(EXERCISE DATA Opens)

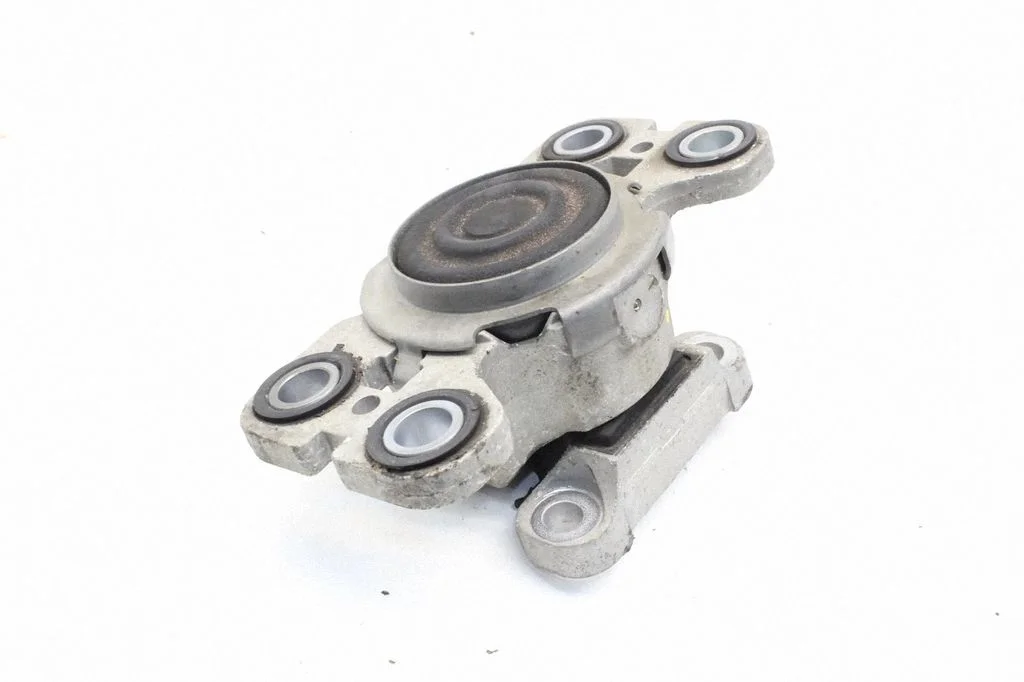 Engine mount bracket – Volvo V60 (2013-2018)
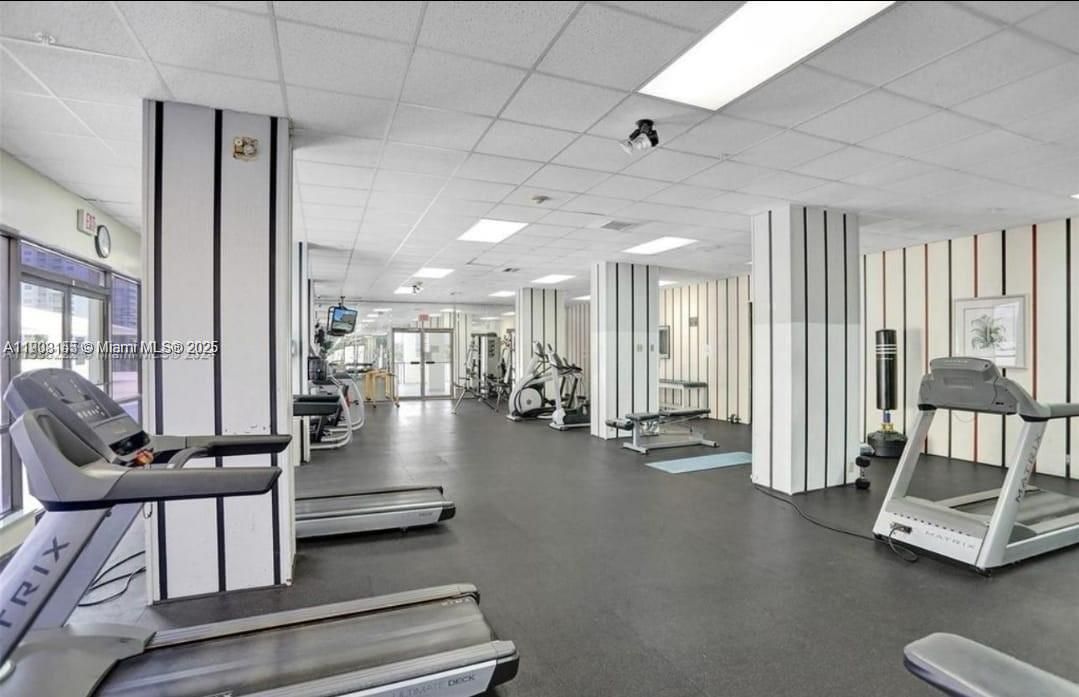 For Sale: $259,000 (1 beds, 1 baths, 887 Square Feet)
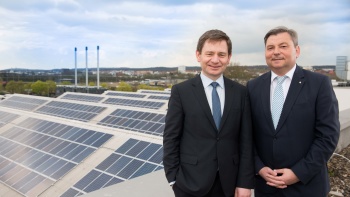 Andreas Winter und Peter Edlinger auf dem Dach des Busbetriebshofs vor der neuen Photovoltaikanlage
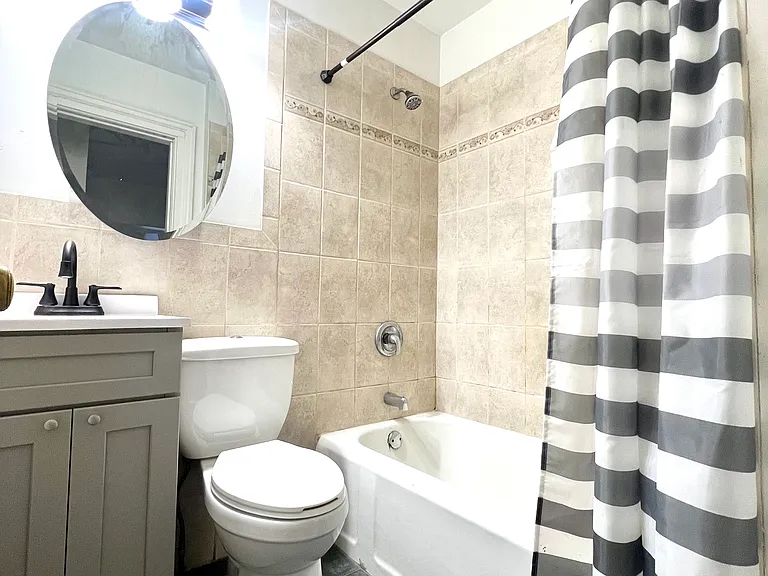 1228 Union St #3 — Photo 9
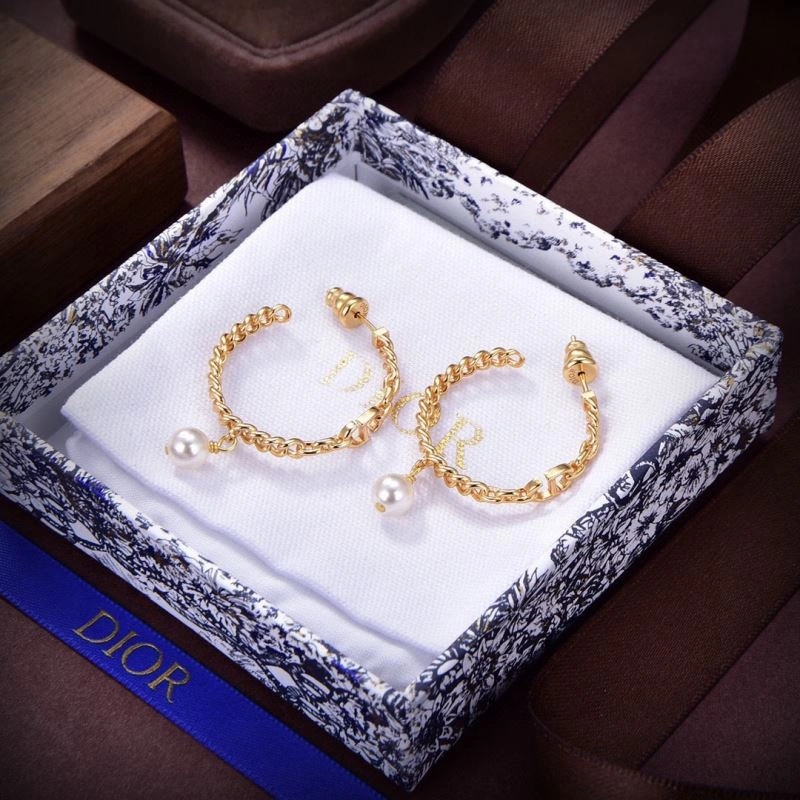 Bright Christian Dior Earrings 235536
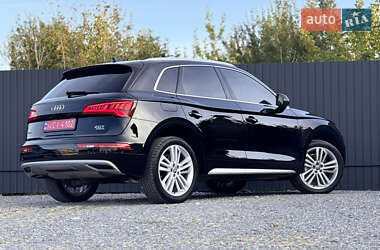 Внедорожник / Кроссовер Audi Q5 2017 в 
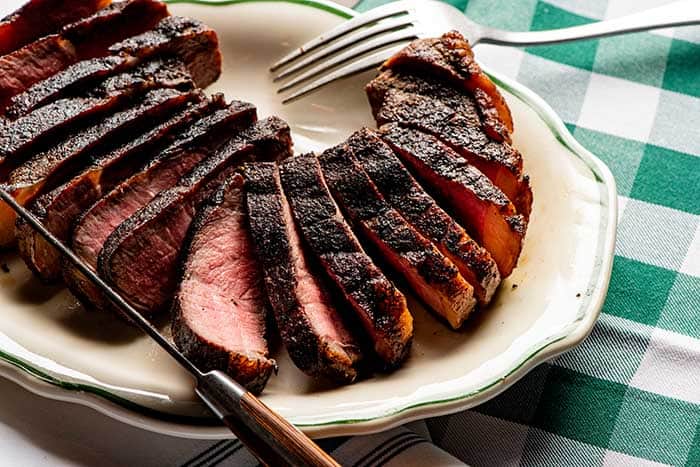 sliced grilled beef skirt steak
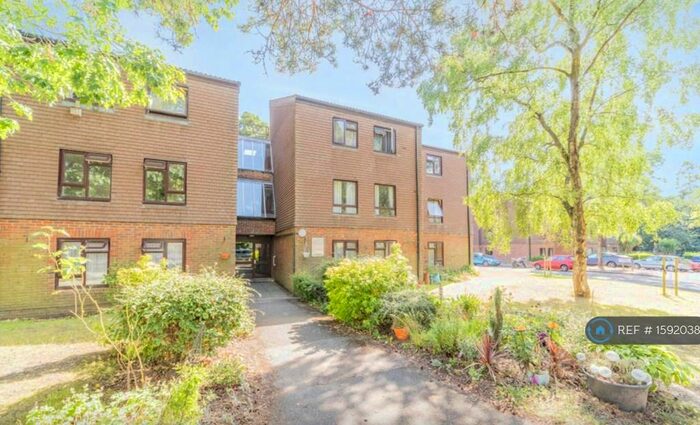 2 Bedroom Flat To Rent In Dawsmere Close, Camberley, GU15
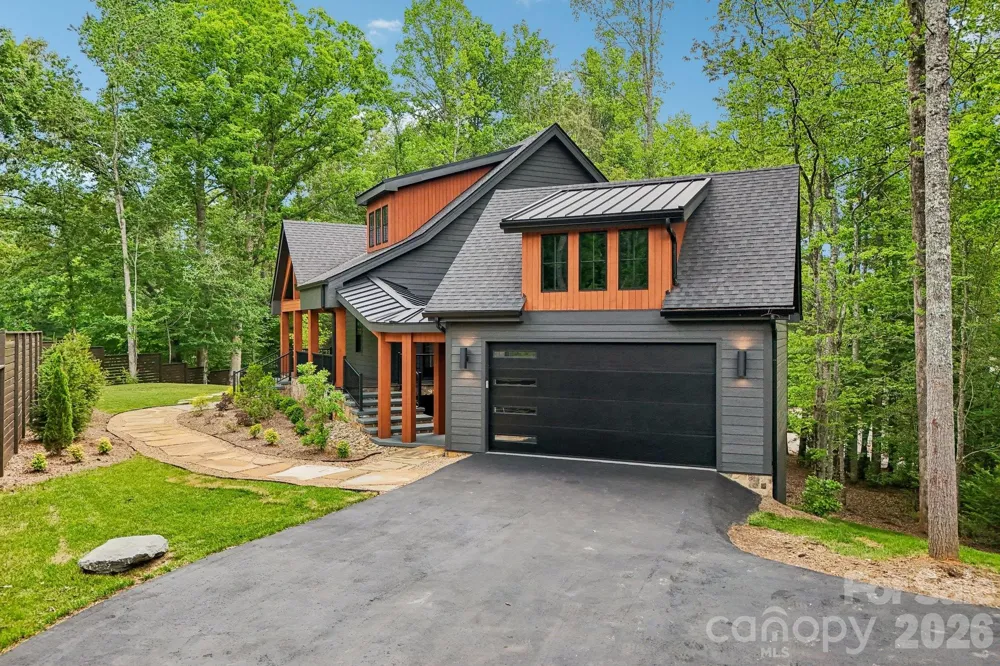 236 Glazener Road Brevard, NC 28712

(EXERCISE DATA Closes)

EXERCISE: Copy all records exactly, no images.

WRITTEN RESPONSE:
 Engine mount bracket – Volvo V60 (2013-2018)
 For Sale: $259,000 (1 beds, 1 baths, 887 Square Feet)
 Andreas Winter und Peter Edlinger auf dem Dach des Busbetriebshofs vor der neuen Photovoltaikanlage
 1228 Union St #3 — Photo 9
 Bright Christian Dior Earrings 235536
 Внедорожник / Кроссовер Audi Q5 2017 в 
 sliced grilled beef skirt steak
 2 Bedroom Flat To Rent In Dawsmere Close, Camberley, GU15
 236 Glazener Road Brevard, NC 28712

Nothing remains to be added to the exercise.